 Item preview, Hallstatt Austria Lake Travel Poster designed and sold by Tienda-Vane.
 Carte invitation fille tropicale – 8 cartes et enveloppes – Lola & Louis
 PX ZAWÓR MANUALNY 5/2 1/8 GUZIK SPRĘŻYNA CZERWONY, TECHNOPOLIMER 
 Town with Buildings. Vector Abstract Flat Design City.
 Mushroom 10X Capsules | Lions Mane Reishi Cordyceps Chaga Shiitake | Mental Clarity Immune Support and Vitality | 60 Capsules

--------------------------------------------------

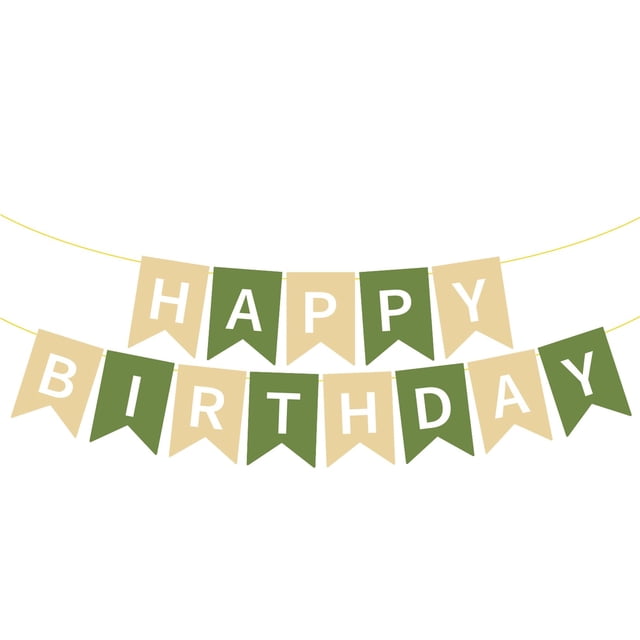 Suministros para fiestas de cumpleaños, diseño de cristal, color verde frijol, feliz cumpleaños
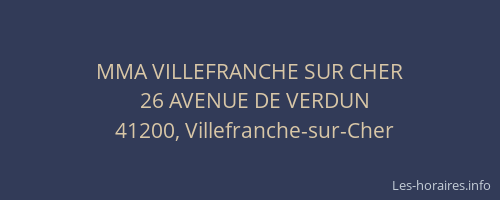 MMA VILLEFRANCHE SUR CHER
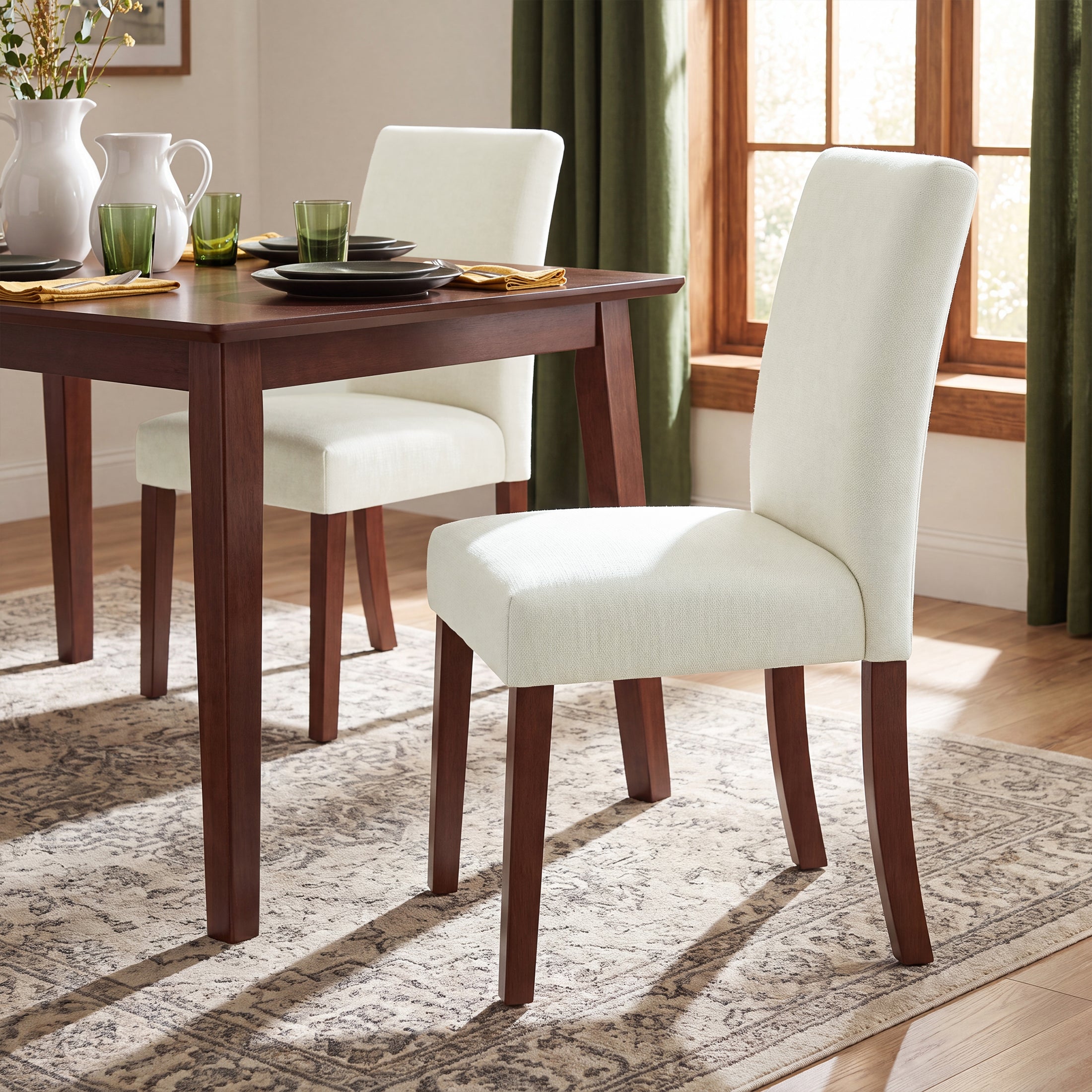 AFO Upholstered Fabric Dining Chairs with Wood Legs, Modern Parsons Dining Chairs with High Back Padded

--------------------------------------------------

#### HOW TO COMPLETE THIS TASK:
Looking at the data above, write out exactly the lines that start at the one containing "Carte invitation fille" and end at the one containing "Mushroom 10X Capsules"; include both and nothing beyond.

#### YOUR RESPONSE:
 Carte invitation fille tropicale – 8 cartes et enveloppes – Lola & Louis
 PX ZAWÓR MANUALNY 5/2 1/8 GUZIK SPRĘŻYNA CZERWONY, TECHNOPOLIMER 
 Town with Buildings. Vector Abstract Flat Design City.
 Mushroom 10X Capsules | Lions Mane Reishi Cordyceps Chaga Shiitake | Mental Clarity Immune Support and Vitality | 60 Capsules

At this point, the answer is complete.